Then on Wednesday, Trump's former personal lawyer, Michael Cohen, finds out his sentence for his guilty pleas to charges brought by Mueller and federal prosecutors in New York.
Cohen pleaded guilty in August to campaign-finance charges brought by the prosecutors; in late November, he returned to the same federal courthouse in New York to admit to a charge of lying to Congress brought by Mueller.
Defense lawyers had asked Judge William Pauley not to send him to jail. They argued that Cohen's cooperation with investigators demonstrated his decision to change his life for the sake of his country and family.
But that argument received a blistering rebuke from federal prosecutors in their sentencing memo Friday. They called for the judge to impose a "substantial term of imprisonment," citing guidelines of 51 to 63 months in prison.
Cohen's crimes, specifically his involvement in payments made in 2016 to two women who claim they had affairs with Trump, were intended "to influence the election from the shadows," prosecutors said.

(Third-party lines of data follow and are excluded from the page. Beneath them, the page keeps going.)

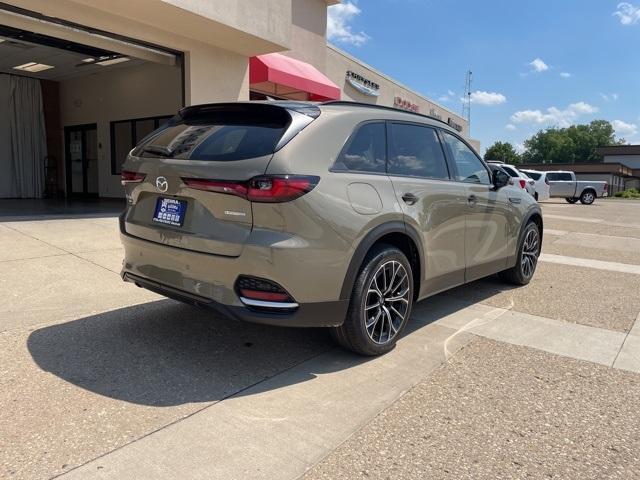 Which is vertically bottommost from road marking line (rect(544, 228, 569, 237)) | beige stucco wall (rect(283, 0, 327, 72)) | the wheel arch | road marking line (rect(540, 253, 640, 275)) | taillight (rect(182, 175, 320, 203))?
road marking line (rect(540, 253, 640, 275))

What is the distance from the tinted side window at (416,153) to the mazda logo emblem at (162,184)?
1680 mm

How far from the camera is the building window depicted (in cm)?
1452

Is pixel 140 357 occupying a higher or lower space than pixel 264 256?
lower

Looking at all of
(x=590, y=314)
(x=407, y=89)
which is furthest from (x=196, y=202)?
(x=407, y=89)

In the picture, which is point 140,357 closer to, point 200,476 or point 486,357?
point 200,476

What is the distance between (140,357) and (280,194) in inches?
63.7

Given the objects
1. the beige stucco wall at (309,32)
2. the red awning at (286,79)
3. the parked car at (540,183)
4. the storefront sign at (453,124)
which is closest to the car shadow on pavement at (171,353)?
the red awning at (286,79)

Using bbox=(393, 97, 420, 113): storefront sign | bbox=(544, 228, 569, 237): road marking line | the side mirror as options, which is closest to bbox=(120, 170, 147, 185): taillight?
the side mirror

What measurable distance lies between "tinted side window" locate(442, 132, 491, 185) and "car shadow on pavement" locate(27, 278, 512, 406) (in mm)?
1519

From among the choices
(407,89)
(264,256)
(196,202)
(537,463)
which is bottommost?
(537,463)

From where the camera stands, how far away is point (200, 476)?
7.88 feet

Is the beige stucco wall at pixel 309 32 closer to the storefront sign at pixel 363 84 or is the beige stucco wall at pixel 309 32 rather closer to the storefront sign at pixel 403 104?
the storefront sign at pixel 363 84

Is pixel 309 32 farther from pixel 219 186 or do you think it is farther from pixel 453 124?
pixel 453 124

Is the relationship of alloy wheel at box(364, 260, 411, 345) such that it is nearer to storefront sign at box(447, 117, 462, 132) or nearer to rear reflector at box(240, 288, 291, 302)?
rear reflector at box(240, 288, 291, 302) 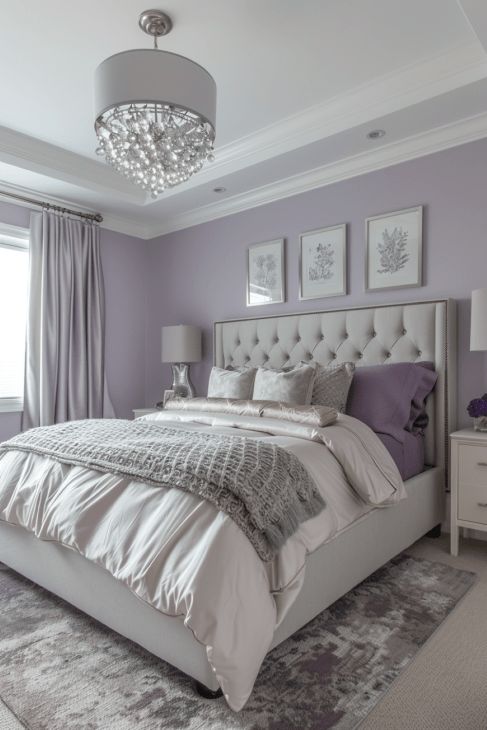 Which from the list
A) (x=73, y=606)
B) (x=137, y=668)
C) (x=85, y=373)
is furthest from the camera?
(x=85, y=373)

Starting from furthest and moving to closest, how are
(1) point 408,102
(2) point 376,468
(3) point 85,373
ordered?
1. (3) point 85,373
2. (1) point 408,102
3. (2) point 376,468

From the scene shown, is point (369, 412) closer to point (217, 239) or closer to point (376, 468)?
point (376, 468)

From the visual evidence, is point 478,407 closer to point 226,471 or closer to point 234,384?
point 234,384

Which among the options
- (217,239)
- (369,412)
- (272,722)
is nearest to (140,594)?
(272,722)

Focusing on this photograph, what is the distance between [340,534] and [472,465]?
0.98 meters

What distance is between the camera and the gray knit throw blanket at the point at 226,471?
59.4 inches

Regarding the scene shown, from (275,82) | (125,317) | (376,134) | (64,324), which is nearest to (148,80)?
(275,82)

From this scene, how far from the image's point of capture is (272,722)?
140 cm

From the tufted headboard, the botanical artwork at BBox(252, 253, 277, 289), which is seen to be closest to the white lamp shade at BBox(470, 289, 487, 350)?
the tufted headboard

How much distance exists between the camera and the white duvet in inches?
52.7

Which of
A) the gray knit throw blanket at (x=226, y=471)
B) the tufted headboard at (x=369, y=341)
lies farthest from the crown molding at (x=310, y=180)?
the gray knit throw blanket at (x=226, y=471)

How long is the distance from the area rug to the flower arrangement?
0.91m

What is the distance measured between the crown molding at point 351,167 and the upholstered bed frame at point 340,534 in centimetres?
99

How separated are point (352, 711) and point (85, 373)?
345 cm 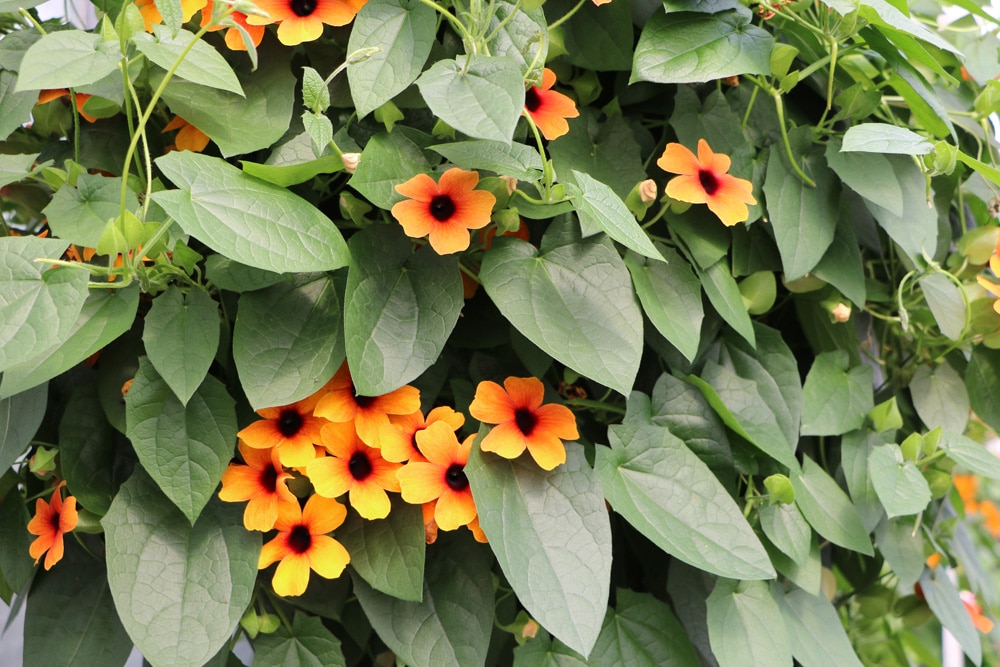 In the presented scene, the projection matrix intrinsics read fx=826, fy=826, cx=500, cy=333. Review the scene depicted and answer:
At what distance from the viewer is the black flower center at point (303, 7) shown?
0.50 meters

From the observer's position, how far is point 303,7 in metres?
0.51

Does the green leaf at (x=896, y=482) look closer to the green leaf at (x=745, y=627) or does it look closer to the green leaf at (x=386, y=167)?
the green leaf at (x=745, y=627)

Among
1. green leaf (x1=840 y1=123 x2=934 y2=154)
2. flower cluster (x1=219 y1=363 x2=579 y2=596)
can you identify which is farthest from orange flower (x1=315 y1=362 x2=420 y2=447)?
green leaf (x1=840 y1=123 x2=934 y2=154)

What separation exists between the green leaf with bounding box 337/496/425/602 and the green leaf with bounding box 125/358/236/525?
9 cm

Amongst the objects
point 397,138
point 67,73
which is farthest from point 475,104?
point 67,73

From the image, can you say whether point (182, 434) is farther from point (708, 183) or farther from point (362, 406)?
point (708, 183)

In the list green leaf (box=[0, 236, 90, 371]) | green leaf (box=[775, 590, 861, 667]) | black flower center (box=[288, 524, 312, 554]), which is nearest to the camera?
green leaf (box=[0, 236, 90, 371])

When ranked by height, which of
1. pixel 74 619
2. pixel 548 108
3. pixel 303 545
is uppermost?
pixel 548 108

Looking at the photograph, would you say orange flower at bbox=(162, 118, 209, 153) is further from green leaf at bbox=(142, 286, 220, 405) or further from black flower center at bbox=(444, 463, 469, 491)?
black flower center at bbox=(444, 463, 469, 491)

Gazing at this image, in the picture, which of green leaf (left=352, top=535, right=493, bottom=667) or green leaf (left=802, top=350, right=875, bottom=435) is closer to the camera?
green leaf (left=352, top=535, right=493, bottom=667)

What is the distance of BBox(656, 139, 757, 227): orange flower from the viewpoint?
0.53 metres

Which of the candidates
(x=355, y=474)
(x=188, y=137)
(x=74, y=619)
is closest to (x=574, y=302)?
(x=355, y=474)

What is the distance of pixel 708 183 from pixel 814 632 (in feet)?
1.13

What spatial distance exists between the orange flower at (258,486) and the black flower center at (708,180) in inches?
12.7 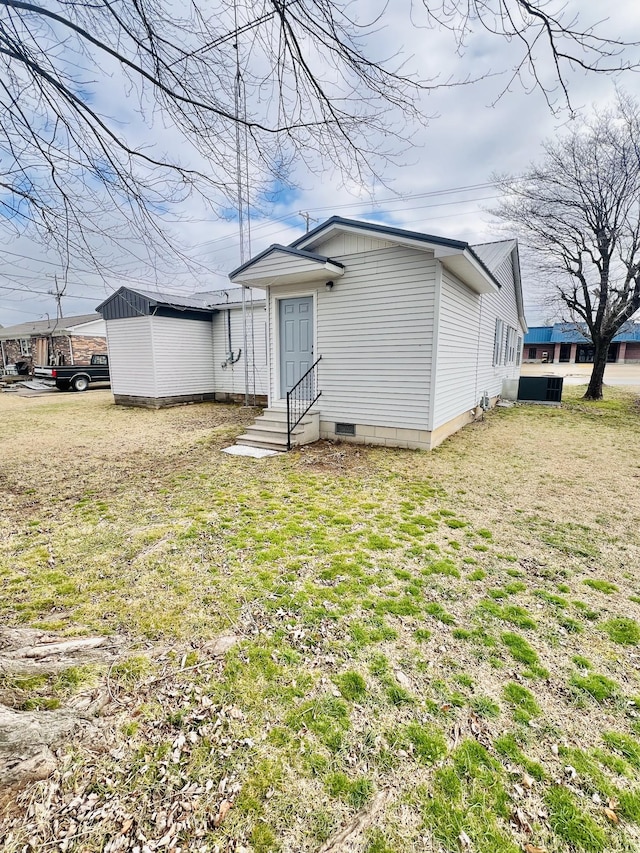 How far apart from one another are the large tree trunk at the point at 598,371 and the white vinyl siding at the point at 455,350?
24.1 feet

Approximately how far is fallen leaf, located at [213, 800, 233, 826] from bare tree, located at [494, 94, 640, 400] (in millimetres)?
15066

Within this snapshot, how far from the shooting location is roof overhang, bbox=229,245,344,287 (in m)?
6.81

They added: "He did so by orchestrating secret and illegal payments to silence two women who otherwise would have made public their alleged extramarital affairs" with Trump, who is referred to as "Individual-1." The White House denies the allegations.
The special counsel's office took a softer tone in its sentencing document filed minutes later. It said Cohen, 52, had given the special counsel "relevant and useful information" about contacts with people connected to the White House. The special counsel team also said Cohen gave Mueller "information about attempts by other Russian nationals" to contact the Trump campaign as far back as November 2015.
The special counsel did not provide a suggested sentence for Cohen's charge of lying to Congress about a proposal to build a Trump Tower development in Moscow. But they added that any sentence should be concurrent with the charges brought by the New York federal prosecutors. Cohen had told U.S. lawmakers in August 2017 that the Moscow project ended in January 2016. But the special counsel said Cohen's discussions about the proposal had continued as late as June 2016 — only five months before the election.